= AVAILABLE DATA =
______________________________

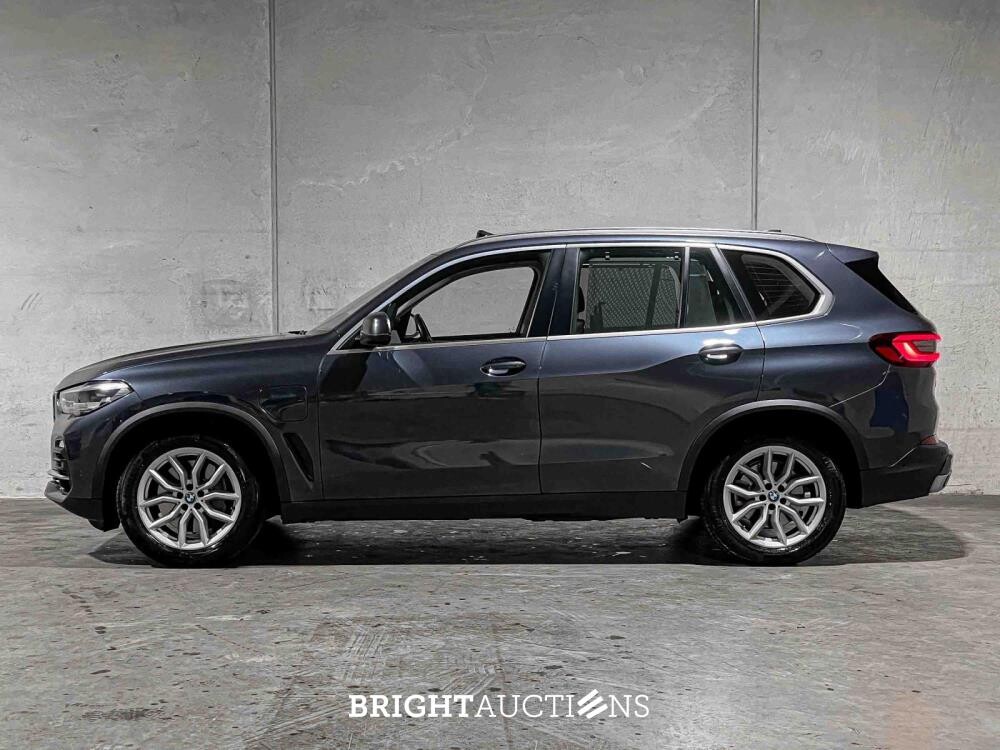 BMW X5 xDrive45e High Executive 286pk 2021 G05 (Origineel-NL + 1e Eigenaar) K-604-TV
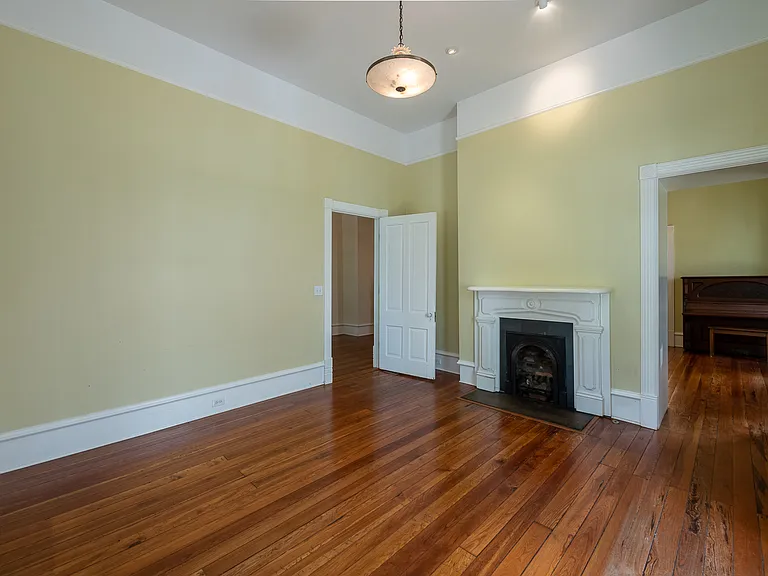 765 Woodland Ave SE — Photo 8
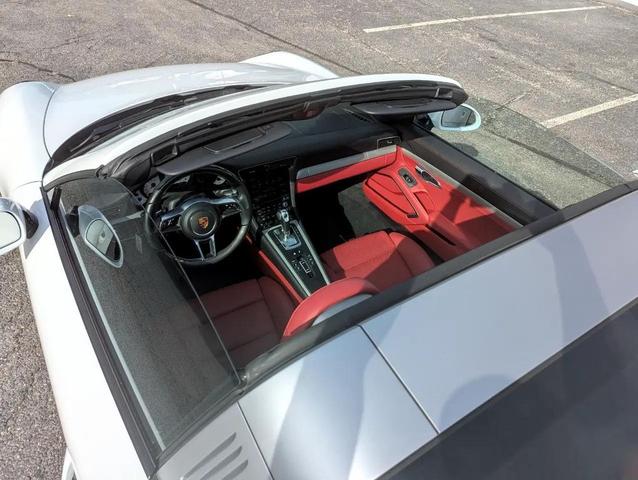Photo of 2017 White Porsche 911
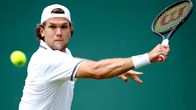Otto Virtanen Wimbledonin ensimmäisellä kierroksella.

______________________________

= TASK STATEMENT =
For this exercise, return the data above exactly and leave every picture out.

= EXERCISE SOLUTION =
 BMW X5 xDrive45e High Executive 286pk 2021 G05 (Origineel-NL + 1e Eigenaar) K-604-TV
 765 Woodland Ave SE — Photo 8
Photo of 2017 White Porsche 911
Otto Virtanen Wimbledonin ensimmäisellä kierroksella.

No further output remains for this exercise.